◆ **Task statement**
Print exactly the lines below between the line holding "فروش ویژه آپارتمان" and the line holding "ทดลองเล่นสล็อต pg ไม่", inclusive, and nothing more.

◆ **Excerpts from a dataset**
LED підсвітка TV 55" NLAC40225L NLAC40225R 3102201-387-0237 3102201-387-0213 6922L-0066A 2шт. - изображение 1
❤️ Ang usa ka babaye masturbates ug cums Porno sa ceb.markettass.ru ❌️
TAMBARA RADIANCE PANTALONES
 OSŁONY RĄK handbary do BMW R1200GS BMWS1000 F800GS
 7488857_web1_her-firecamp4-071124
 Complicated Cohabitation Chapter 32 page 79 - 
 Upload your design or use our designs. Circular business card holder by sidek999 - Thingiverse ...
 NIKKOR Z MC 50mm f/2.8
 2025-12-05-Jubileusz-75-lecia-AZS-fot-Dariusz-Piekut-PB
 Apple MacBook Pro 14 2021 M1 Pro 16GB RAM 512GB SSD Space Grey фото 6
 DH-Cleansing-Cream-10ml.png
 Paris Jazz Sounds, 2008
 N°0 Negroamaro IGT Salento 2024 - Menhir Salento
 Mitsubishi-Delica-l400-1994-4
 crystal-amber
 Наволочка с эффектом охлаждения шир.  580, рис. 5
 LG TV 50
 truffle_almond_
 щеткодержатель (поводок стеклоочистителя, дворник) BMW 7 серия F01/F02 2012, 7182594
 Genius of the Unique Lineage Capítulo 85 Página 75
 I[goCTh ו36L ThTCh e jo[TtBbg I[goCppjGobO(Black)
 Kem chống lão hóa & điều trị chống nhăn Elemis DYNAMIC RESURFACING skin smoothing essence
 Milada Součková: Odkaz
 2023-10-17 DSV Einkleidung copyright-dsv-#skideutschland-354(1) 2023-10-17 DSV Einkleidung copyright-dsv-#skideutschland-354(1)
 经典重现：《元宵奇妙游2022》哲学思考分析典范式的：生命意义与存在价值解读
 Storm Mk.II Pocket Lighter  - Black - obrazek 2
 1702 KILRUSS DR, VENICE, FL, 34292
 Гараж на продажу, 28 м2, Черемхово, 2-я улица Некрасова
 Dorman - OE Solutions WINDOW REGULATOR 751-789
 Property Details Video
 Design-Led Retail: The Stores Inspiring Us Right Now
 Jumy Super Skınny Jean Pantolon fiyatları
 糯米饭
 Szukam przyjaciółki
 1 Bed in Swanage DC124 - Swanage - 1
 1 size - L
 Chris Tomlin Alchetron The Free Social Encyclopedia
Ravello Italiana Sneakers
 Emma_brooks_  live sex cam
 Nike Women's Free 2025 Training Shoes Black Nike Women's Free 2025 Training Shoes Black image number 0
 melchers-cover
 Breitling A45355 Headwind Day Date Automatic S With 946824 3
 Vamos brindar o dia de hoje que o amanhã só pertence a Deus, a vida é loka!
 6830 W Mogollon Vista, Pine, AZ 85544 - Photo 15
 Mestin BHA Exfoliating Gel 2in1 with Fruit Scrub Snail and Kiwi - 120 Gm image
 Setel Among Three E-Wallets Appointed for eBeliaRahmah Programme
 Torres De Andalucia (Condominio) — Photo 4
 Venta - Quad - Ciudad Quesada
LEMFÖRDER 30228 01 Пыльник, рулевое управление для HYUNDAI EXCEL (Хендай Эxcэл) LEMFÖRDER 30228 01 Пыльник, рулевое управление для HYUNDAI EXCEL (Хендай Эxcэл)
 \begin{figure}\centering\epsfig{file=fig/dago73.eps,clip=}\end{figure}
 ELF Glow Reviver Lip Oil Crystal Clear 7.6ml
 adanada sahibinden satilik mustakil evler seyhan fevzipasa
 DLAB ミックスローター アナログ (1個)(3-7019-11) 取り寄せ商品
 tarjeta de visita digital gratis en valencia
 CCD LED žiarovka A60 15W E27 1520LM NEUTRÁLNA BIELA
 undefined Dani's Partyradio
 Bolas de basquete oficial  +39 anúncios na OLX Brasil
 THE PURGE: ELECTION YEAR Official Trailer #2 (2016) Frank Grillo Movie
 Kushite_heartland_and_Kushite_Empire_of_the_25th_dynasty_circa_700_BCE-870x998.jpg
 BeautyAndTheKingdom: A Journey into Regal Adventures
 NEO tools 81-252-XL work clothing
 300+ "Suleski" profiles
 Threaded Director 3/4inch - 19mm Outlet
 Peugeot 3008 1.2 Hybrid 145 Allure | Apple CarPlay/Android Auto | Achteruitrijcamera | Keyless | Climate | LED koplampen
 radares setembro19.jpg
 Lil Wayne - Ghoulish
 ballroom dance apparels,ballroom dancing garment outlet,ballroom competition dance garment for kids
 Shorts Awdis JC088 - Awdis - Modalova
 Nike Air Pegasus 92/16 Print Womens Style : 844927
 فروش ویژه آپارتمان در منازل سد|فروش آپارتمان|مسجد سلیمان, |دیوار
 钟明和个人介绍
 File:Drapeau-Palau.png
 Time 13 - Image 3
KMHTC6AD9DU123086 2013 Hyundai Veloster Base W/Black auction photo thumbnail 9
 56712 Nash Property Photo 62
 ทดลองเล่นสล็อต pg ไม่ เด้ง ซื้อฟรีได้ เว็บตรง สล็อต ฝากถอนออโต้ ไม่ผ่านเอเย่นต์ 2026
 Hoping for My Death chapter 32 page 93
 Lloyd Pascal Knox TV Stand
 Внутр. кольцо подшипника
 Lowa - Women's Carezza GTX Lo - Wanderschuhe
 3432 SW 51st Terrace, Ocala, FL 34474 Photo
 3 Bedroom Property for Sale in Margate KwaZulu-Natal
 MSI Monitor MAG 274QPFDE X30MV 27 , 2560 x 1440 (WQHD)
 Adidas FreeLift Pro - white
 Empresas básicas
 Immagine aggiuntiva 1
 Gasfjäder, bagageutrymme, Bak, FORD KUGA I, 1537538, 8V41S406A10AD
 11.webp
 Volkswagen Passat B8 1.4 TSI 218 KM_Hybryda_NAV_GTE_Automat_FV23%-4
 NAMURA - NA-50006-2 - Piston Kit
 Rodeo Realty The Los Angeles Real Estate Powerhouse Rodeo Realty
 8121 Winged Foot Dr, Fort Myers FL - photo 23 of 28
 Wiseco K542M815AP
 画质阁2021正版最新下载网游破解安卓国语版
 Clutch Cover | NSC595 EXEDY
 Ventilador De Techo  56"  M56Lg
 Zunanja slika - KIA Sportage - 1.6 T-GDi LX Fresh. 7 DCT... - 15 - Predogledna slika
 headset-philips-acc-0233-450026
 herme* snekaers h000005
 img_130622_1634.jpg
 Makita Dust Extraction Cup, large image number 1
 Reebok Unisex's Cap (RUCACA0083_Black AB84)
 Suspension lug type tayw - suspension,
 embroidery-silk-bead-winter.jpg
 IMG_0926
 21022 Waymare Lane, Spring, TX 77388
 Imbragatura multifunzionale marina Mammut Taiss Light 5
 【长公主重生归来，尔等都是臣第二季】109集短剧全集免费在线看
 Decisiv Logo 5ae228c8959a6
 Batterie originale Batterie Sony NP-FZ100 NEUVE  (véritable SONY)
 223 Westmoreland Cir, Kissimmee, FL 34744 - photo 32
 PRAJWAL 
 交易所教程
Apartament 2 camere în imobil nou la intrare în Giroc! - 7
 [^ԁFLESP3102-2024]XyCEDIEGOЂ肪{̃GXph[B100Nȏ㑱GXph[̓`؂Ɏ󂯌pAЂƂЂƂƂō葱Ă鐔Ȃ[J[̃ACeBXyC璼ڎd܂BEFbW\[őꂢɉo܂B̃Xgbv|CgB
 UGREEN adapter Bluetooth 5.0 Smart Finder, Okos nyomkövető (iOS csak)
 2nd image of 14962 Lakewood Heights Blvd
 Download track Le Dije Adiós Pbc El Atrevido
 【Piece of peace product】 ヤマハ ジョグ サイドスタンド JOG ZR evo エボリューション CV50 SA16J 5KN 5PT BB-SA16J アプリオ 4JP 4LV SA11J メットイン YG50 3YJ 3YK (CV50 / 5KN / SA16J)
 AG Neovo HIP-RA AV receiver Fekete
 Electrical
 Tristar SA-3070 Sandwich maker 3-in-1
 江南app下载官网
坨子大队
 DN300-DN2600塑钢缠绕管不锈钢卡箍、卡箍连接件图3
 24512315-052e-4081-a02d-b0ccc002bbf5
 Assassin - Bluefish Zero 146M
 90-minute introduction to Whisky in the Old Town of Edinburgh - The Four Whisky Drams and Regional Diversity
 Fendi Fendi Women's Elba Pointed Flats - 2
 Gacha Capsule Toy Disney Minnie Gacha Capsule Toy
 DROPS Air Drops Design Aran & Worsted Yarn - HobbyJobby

◆ **Task result**
 فروش ویژه آپارتمان در منازل سد|فروش آپارتمان|مسجد سلیمان, |دیوار
 钟明和个人介绍
 File:Drapeau-Palau.png
 Time 13 - Image 3
KMHTC6AD9DU123086 2013 Hyundai Veloster Base W/Black auction photo thumbnail 9
 56712 Nash Property Photo 62
 ทดลองเล่นสล็อต pg ไม่ เด้ง ซื้อฟรีได้ เว็บตรง สล็อต ฝากถอนออโต้ ไม่ผ่านเอเย่นต์ 2026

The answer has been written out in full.